--- ABOUT THIS EXERCISE ---
For the listing below, the answer is an exact retyping of the lines from the one with "Local Market Poster" through the one with "Boots Ankle Heels", both included, without pictures.

--- DATA FOR THIS EXERCISE ---
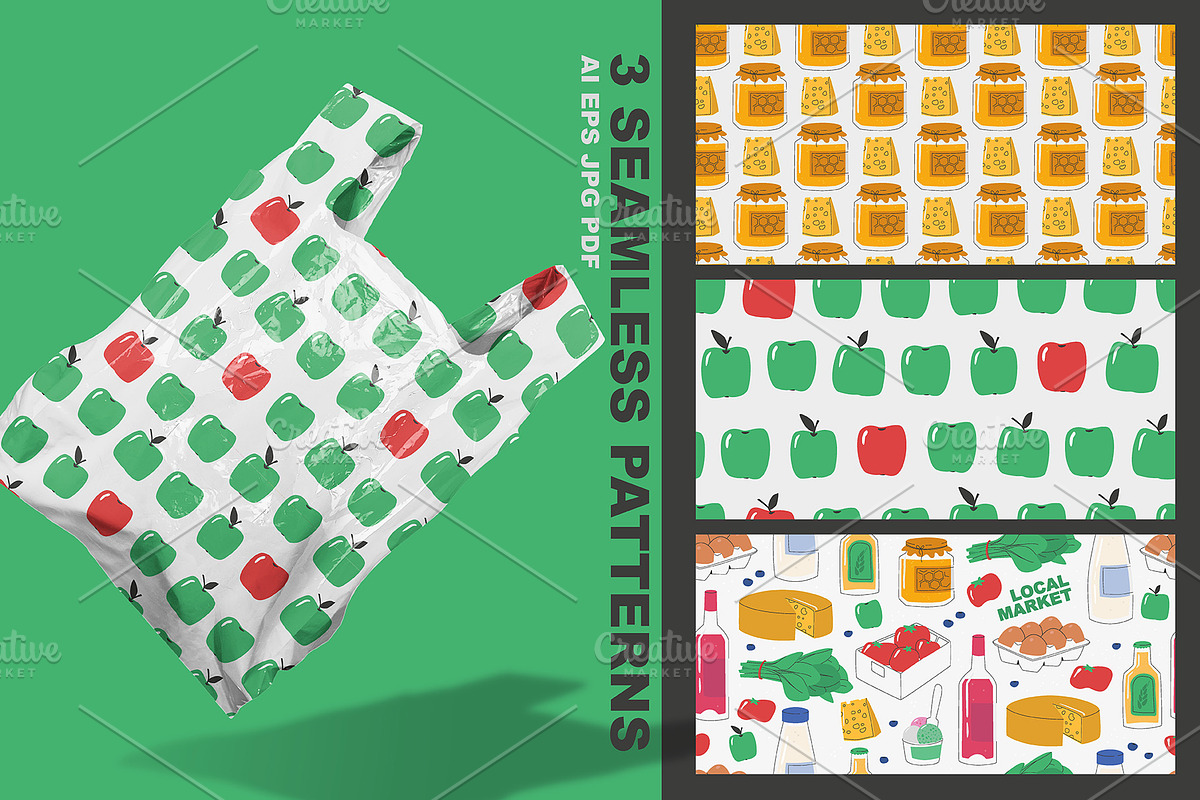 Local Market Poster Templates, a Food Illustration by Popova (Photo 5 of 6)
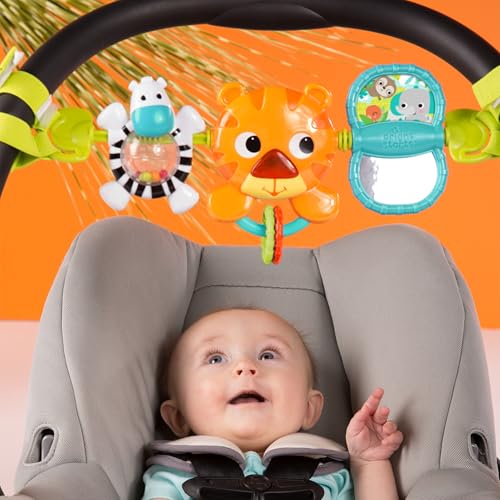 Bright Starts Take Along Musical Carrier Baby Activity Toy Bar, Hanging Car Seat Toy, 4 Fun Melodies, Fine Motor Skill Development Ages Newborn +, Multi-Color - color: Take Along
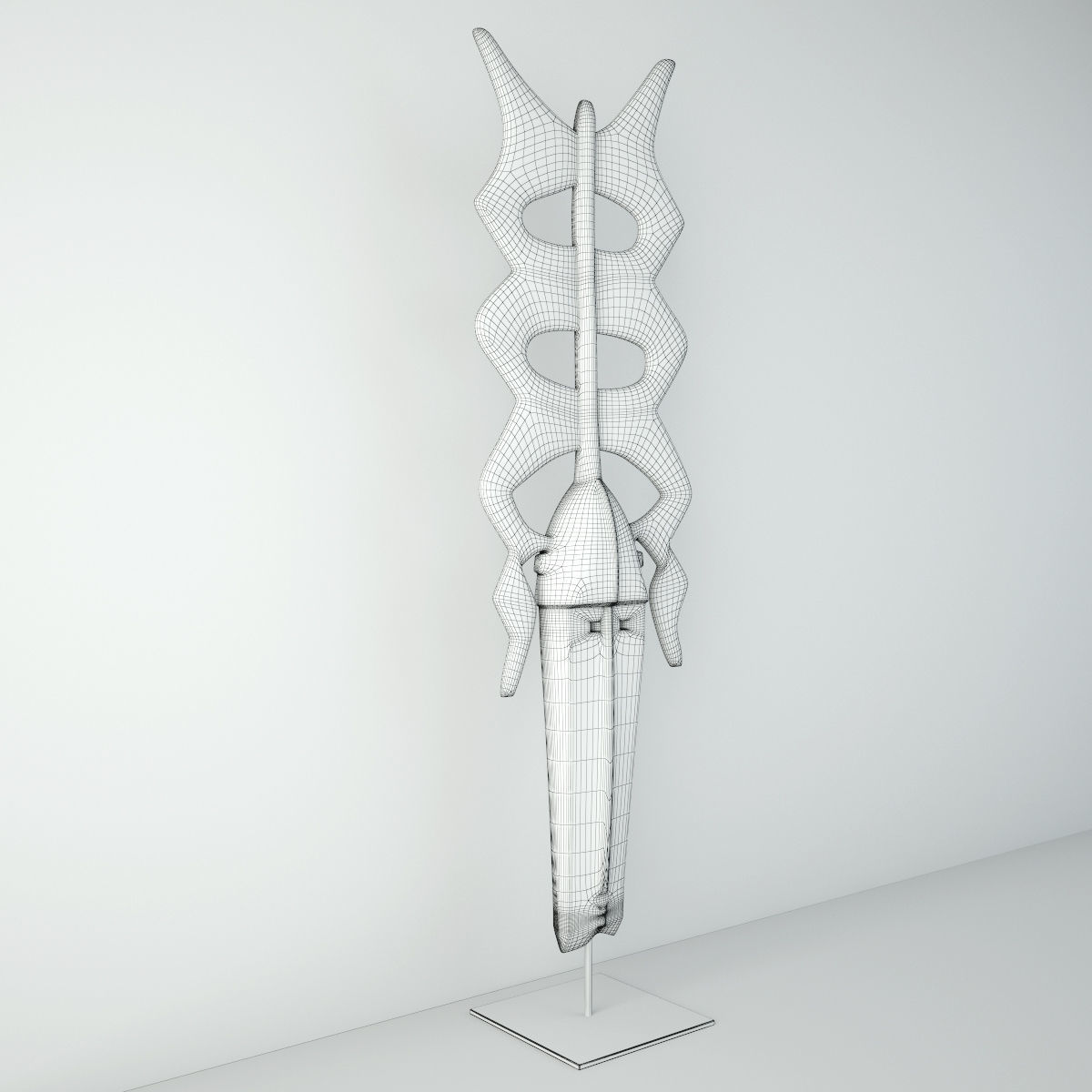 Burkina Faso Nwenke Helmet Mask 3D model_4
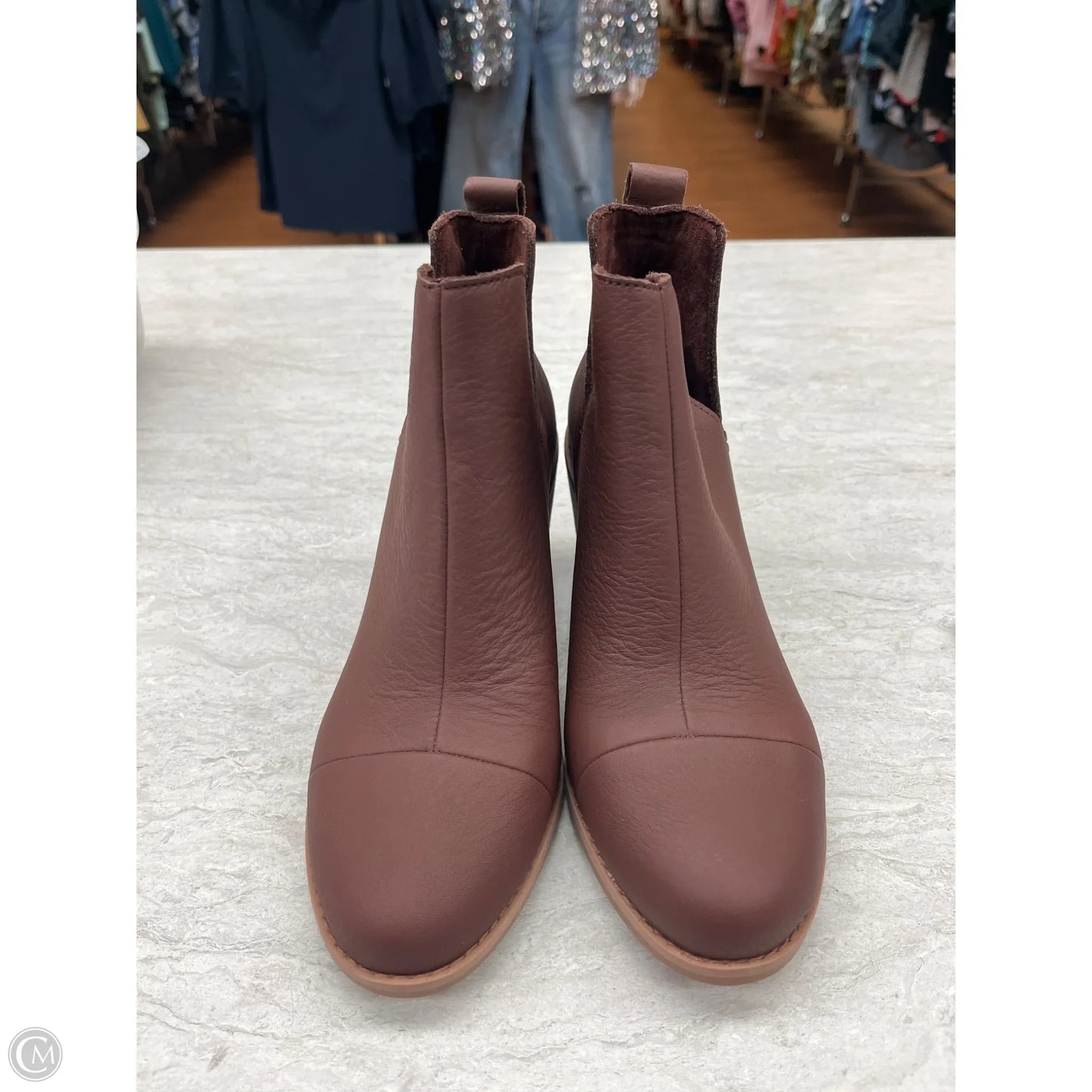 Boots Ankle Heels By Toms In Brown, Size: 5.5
* * *
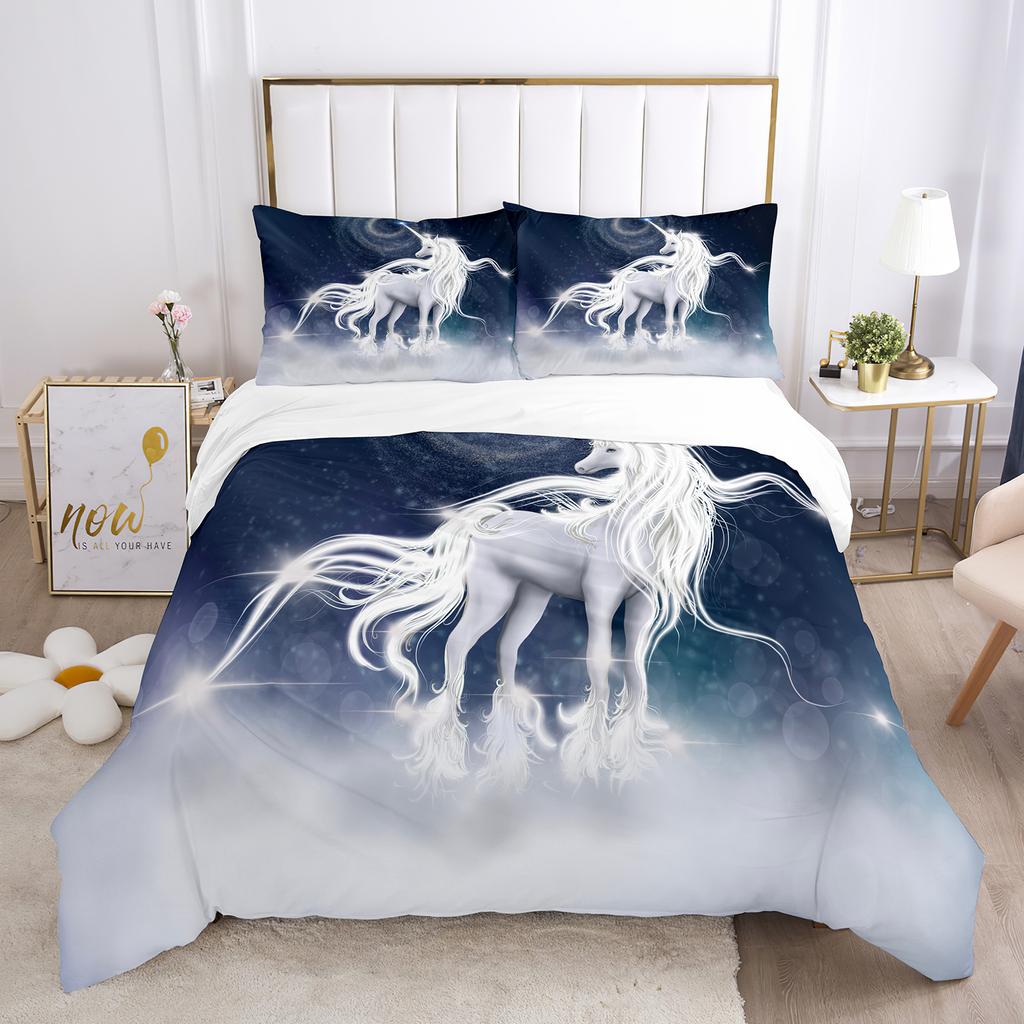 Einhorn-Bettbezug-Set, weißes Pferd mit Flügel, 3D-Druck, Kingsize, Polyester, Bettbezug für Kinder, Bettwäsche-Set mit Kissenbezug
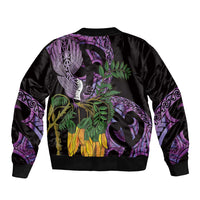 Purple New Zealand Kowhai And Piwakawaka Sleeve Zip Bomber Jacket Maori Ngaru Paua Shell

--- EXERCISE RESULT ---
 Local Market Poster Templates, a Food Illustration by Popova (Photo 5 of 6)
 Bright Starts Take Along Musical Carrier Baby Activity Toy Bar, Hanging Car Seat Toy, 4 Fun Melodies, Fine Motor Skill Development Ages Newborn +, Multi-Color - color: Take Along
 Burkina Faso Nwenke Helmet Mask 3D model_4
 Boots Ankle Heels By Toms In Brown, Size: 5.5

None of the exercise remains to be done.